==== Supplied records

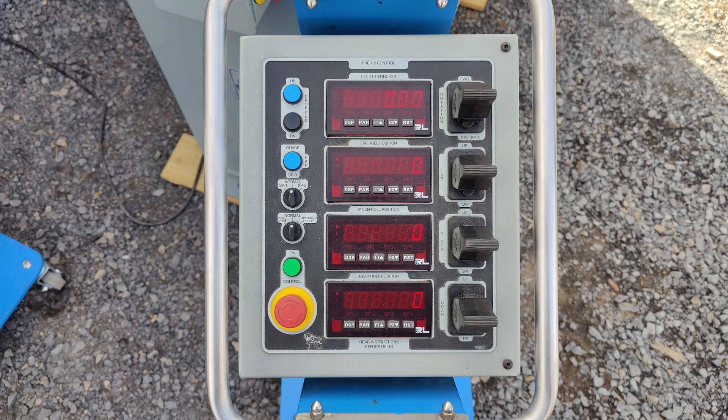This control comes standard with the digital readout for length in inches, because the Pre 4.2 stands for preset control. You have two presets, which is why you have that selector switch for set point one and set point two. Once you know where your bending roll, far roll, and pinch roll should be for a certain part, you can program that into this control. You hold the joystick in at set point one, and when it hits your number it stops and won't let you go past that. You can cycle through the presets for repeatability, with two part storage in this control.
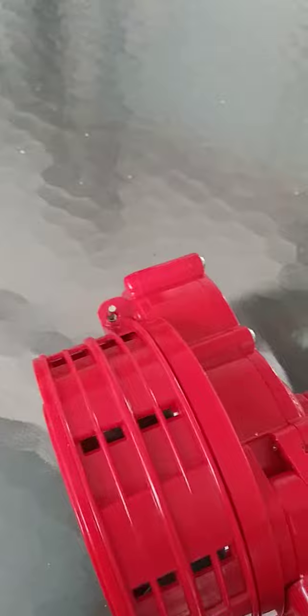Hi guys, back with my hand siren, making another video of it today. The Viking Horns hand-operated siren. And it's very nice because I love the adjustable sound on it. It's pretty sick, I love it.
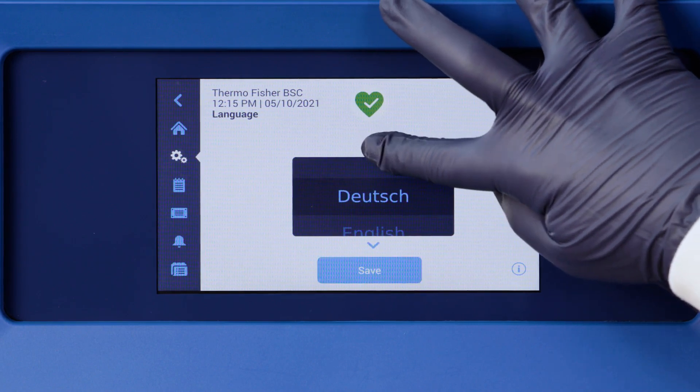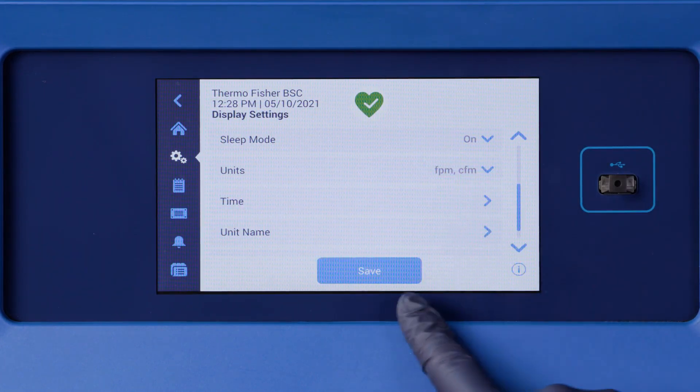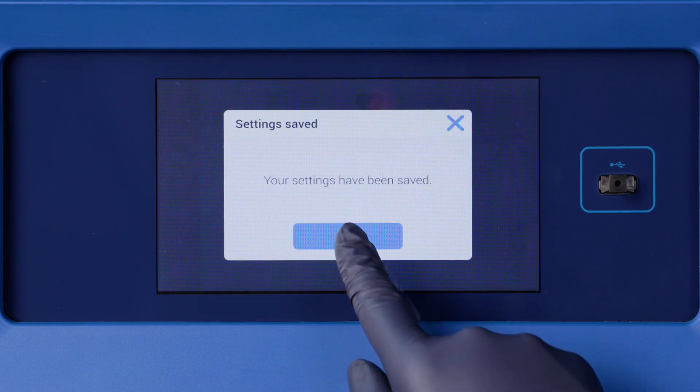This is a marked contrast to the cabinets of old — or the more traditional interface — where you just got a sound and a particular light indicated. The language of this interface is configurable, and you can also select the units most familiar to you, whether imperial or metric.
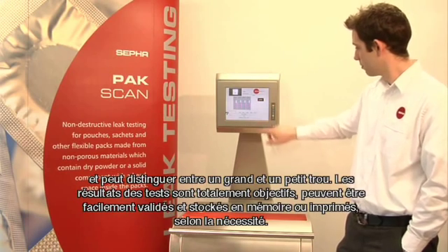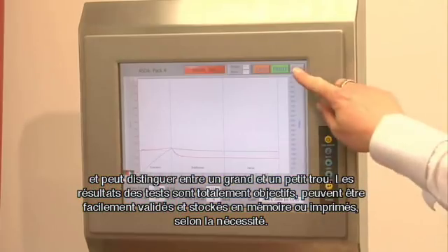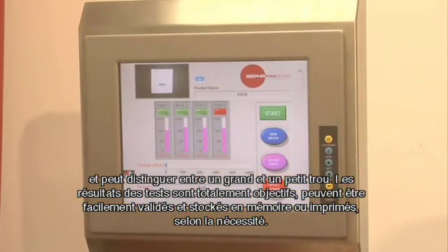The test results are non-subjective, can be easily validated and stored or printed out as required.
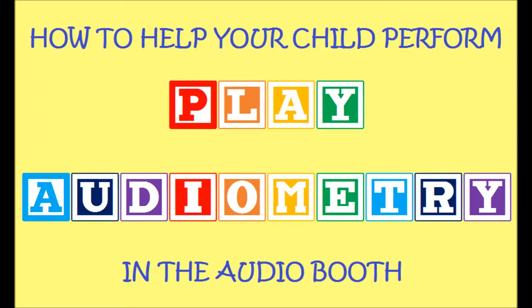Hello, this audio byte is entitled How to Help Your Child Perform Play Audiometry in the Audio Booth.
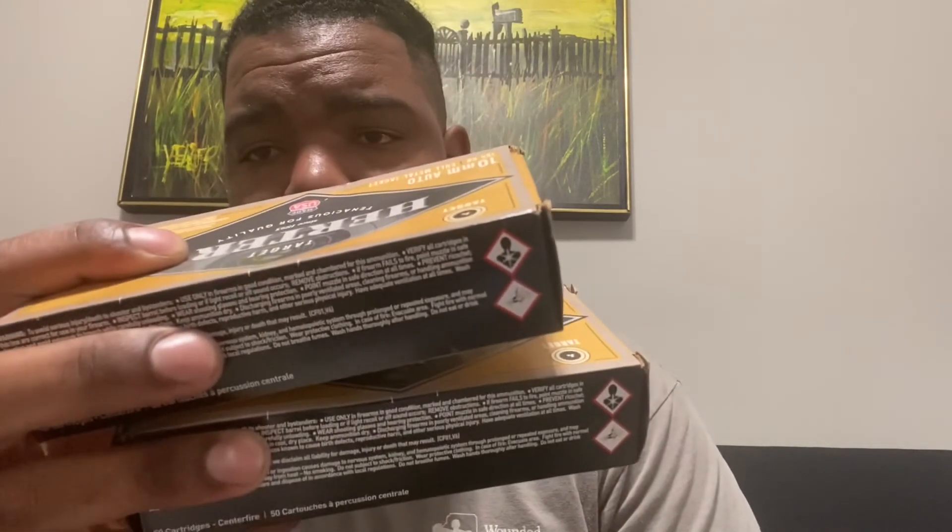Here's how I usually get ammo: I buy a box, like I did these, buy a couple boxes at a time and go shoot. What I do is put these up, and next time I get ready to go shoot, I buy two more boxes. That's how I stock my ammo — it's a good way to do it. I go shoot, and if I don't shoot both boxes up, I come back, put it on the shelf, get ready to go shoot again, and buy more.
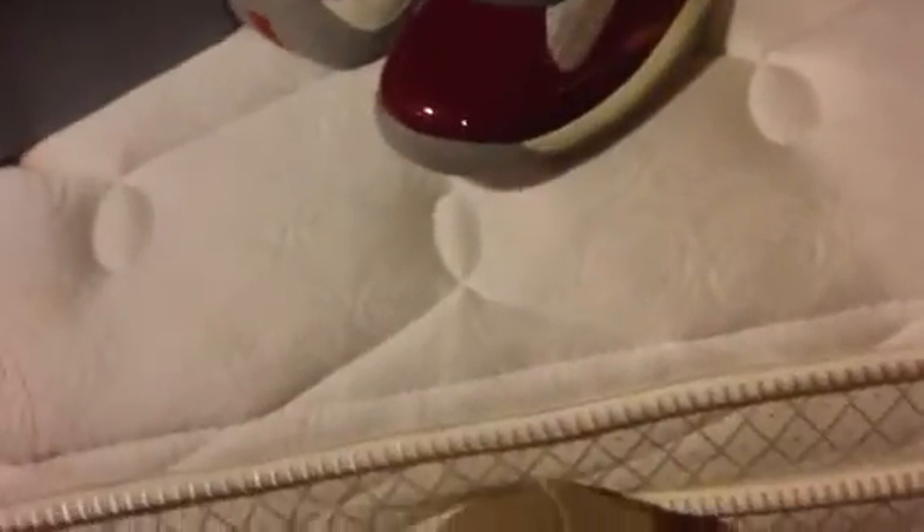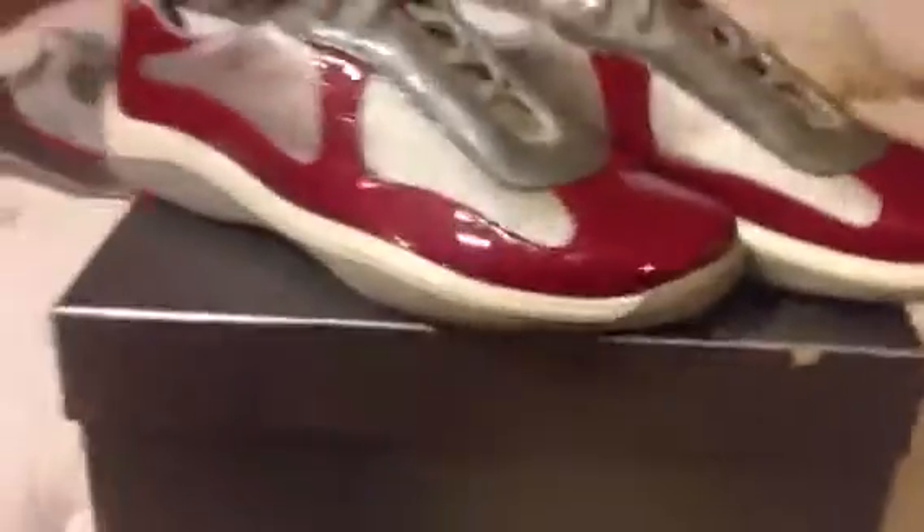I actually wore these today for the first time, and they are not the most comfortable shoes I've ever worn — I'll just leave it at that. But they're certainly not the least comfortable either. They're not too bad. These are actually a size 12, and if you guys follow me, I'm a size 13, but they run super big. These are even almost a little too big.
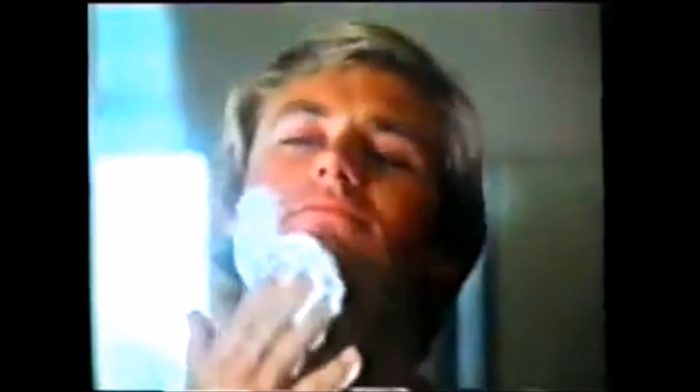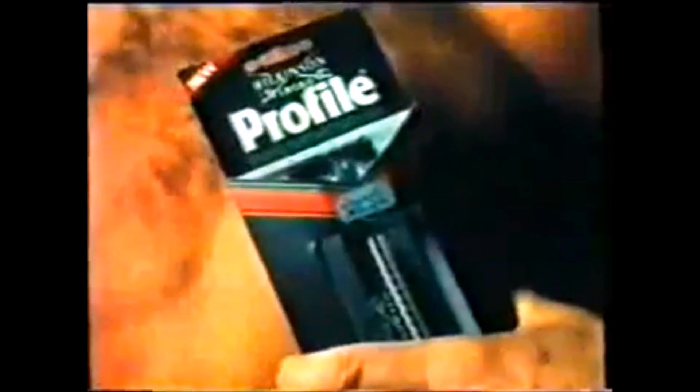Those of us with nice flat faces have always been able to get a perfect shave with any razor. But for those chaps with strange curvy faces, Wilkinson Sword have designed a new twin blade razor. It's called the Profile. It's got a movable head, so the blade's always at the perfect shaving angle to your face.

========

*Task brief*:
For this exercise, transcribe exactly the part of the records above that opens with the line containing "This is a marked" and closes with the one containing "Hello, this audio". Pictures are not part of the copy.

*Solution to this task*:
This is a marked contrast to the cabinets of old — or the more traditional interface — where you just got a sound and a particular light indicated. The language of this interface is configurable, and you can also select the units most familiar to you, whether imperial or metric.
The test results are non-subjective, can be easily validated and stored or printed out as required.
Hello, this audio byte is entitled How to Help Your Child Perform Play Audiometry in the Audio Booth.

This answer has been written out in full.